Description of the task:
Return every line of the entries that includes the word "queer".

== Data to examine

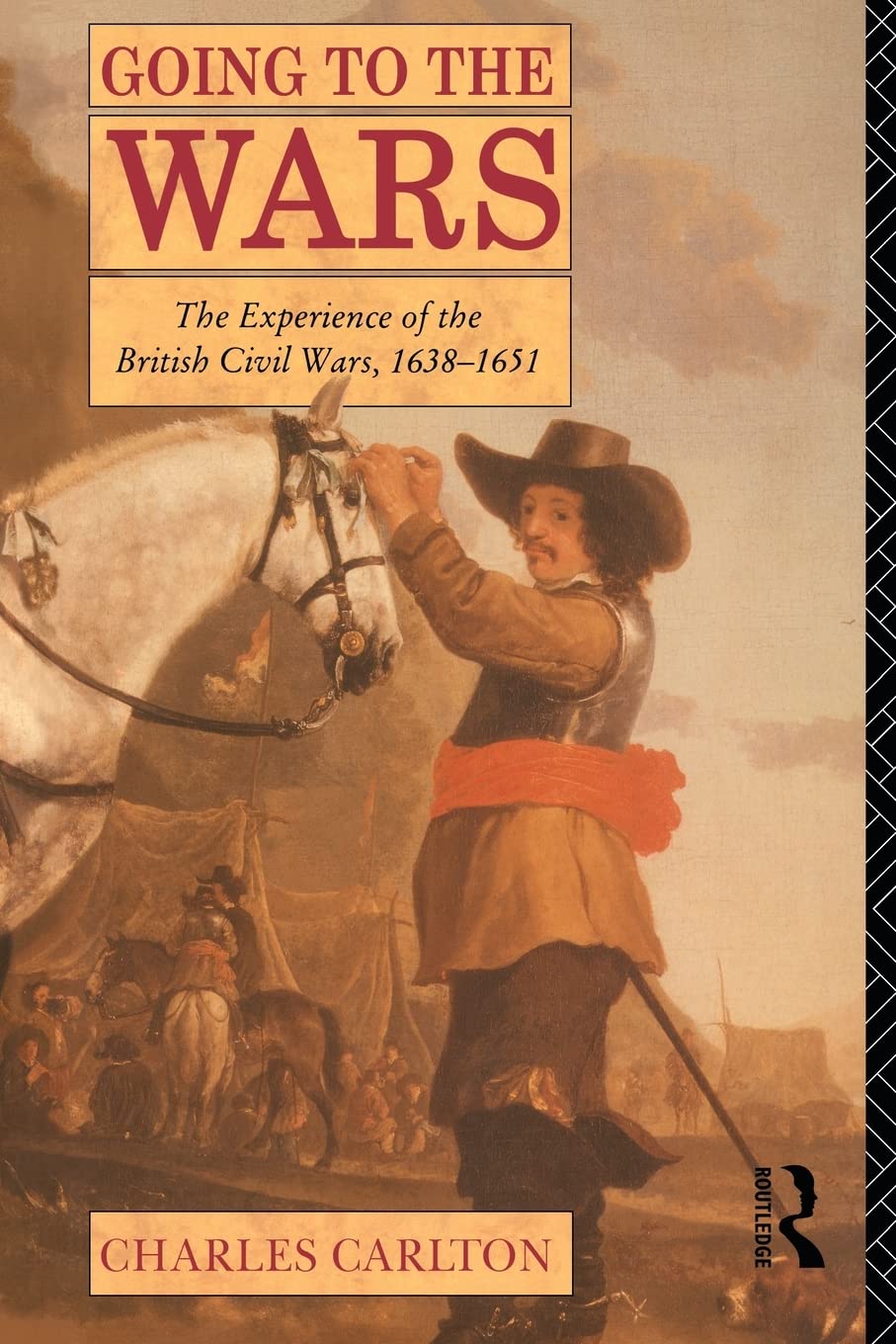 Going To The Wars: The Experience Of The British Civil Wars 16381651,New
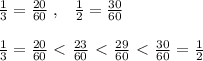 \frac{1}{3} = \frac{20}{60}\; ,\; \; \; \frac{1}{2}=\frac{30}{60}\\\\\frac{1}{3}=\frac{20}{60}\ \textless \ \frac{23}{60} \ \textless \ \frac{29}{60} \ \textless \ \frac{30}{60}=\frac{1}{2}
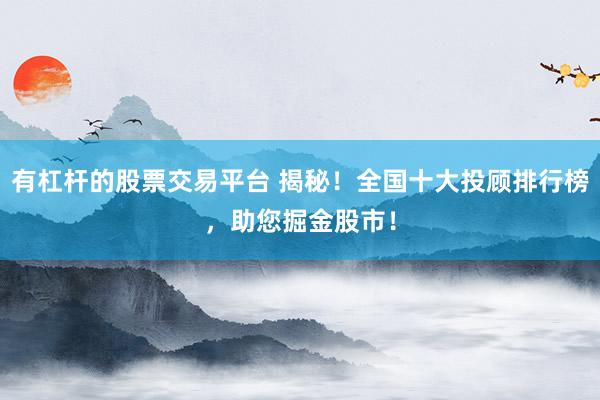 有杠杆的股票交易平台 揭秘！全国十大投顾排行榜，助您掘金股市！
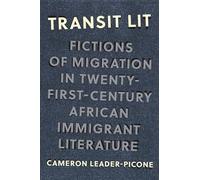 Transit Lit: Fictions of Migration in Twenty-First-Century African Immigrant Literature (Critical Insurgencies)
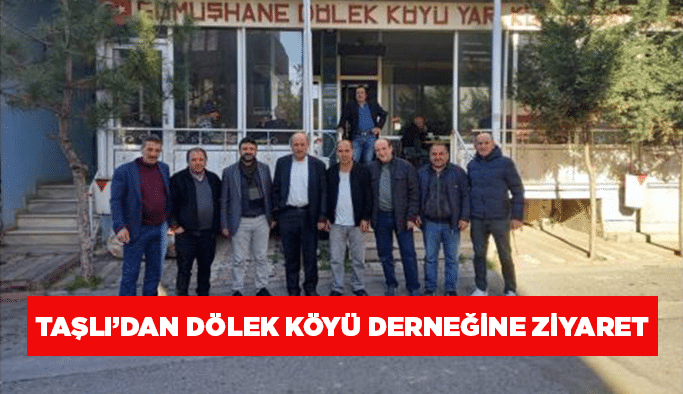 Taşlı’dan Dölek köyü derneğine ziyaret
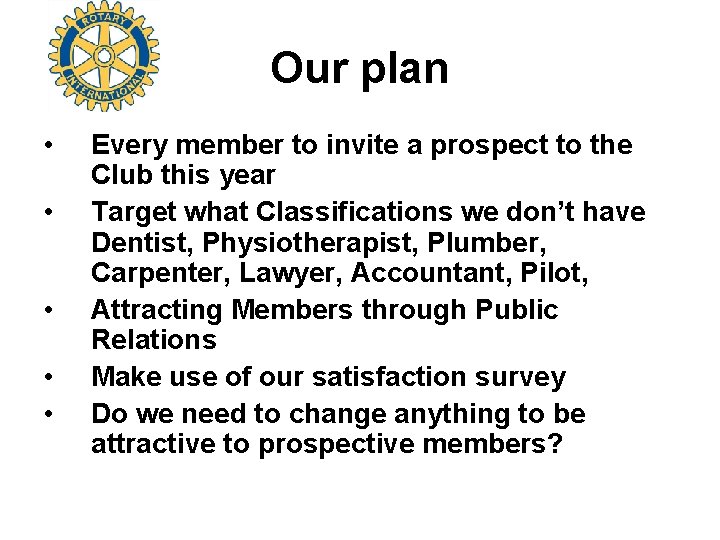Our plan • • • Every member to invite a prospect to the Club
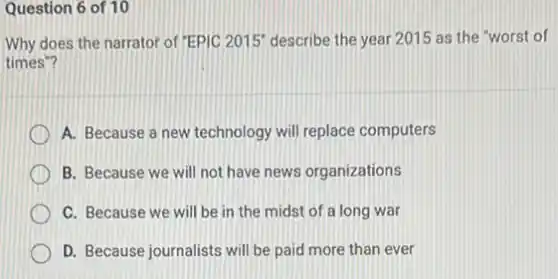 Question 6 of 10
Why does the narrator of "EPIC 2015" describe the year 2015 as the "worst of
times"?
A. Because a new technology will replace computers
B. Because we will not have news organizations
C. Because we will be in the midst of a long war
D. Because journalists will be paid more than ever
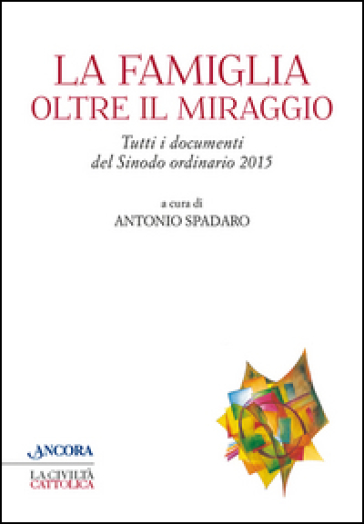 La famiglia oltre il miraggio. Tutti i documenti del sinodo ordinario 2015 - Antonio Spadaro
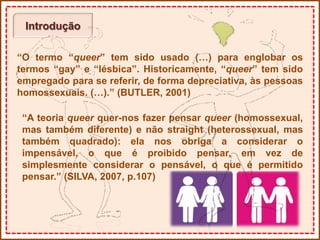 Introdução
“O termo “queer” tem sido usado (…) para englobar os
termos “gay” e “lésbica”. Historicamente, “queer” tem sido
empregado para se referir, de forma depreciativa, às pessoas
homossexuais. (…).” (BUTLER, 2001)
“A teoria queer quer-nos fazer pensar queer (homossexual,
mas também diferente) e não straight (heterossexual, mas
também quadrado): ela nos obriga a considerar o
impensável, o que é proibido pensar, em vez de
simplesmente considerar o pensável, o que é permitido
pensar.” (SILVA, 2007, p.107)
 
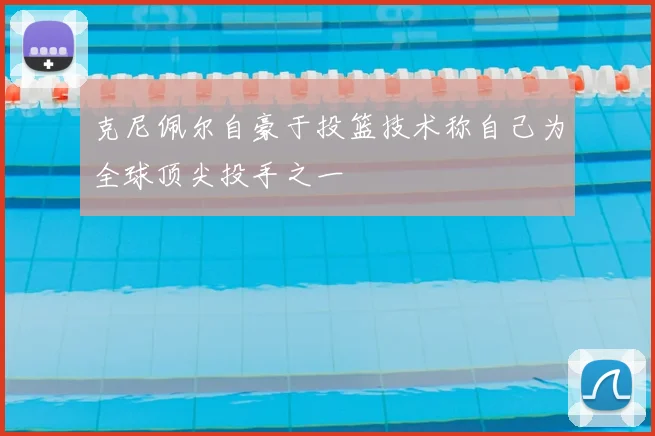 克尼佩尔自豪于投篮技术称自己为全球顶尖投手之一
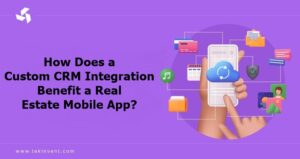How Does a Custom CRM Integration Benefit a Real Estate Mobile App?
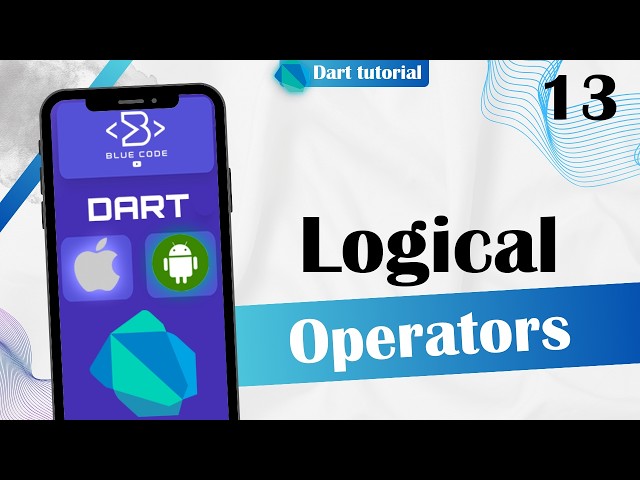 Logical Operators Explained (&&, ||, !) | AND, OR & NOT | Dart Tutorial for Beginners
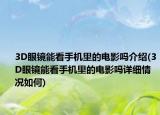 3D眼镜能看手机里的电影吗介绍(3D眼镜能看手机里的电影吗详细情况如何)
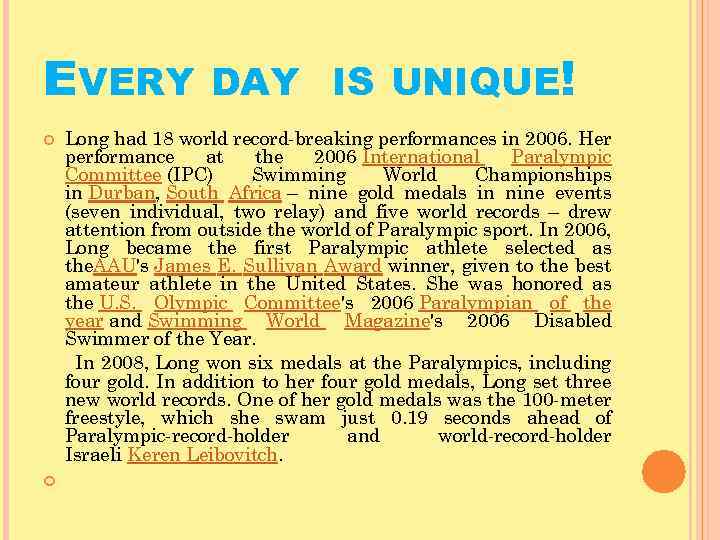 EVERY DAY IS UNIQUE! Long had 18 world record-breaking performances in 2006. Her performance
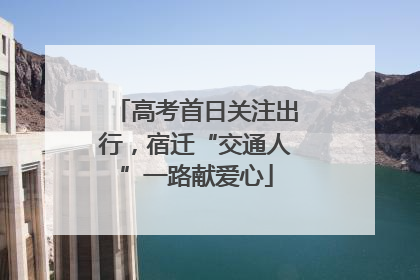 高考首日关注出行，宿迁“交通人”一路献爱心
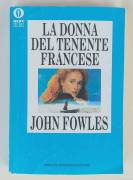 La donna del tenente francese di John Fowles; 1°Ed: Arnoldo Mondadori, Agosto 1974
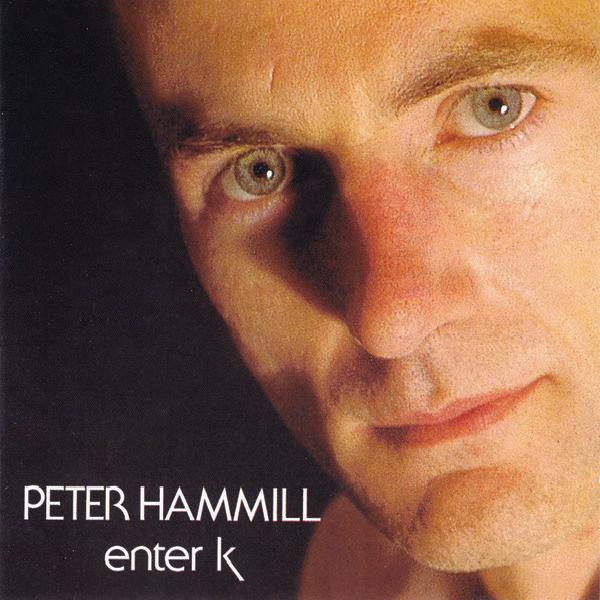 Peter Hammill - Enter K (1982)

====

Response below:
“O termo “queer” tem sido usado (…) para englobar os
termos “gay” e “lésbica”. Historicamente, “queer” tem sido
“A teoria queer quer-nos fazer pensar queer (homossexual,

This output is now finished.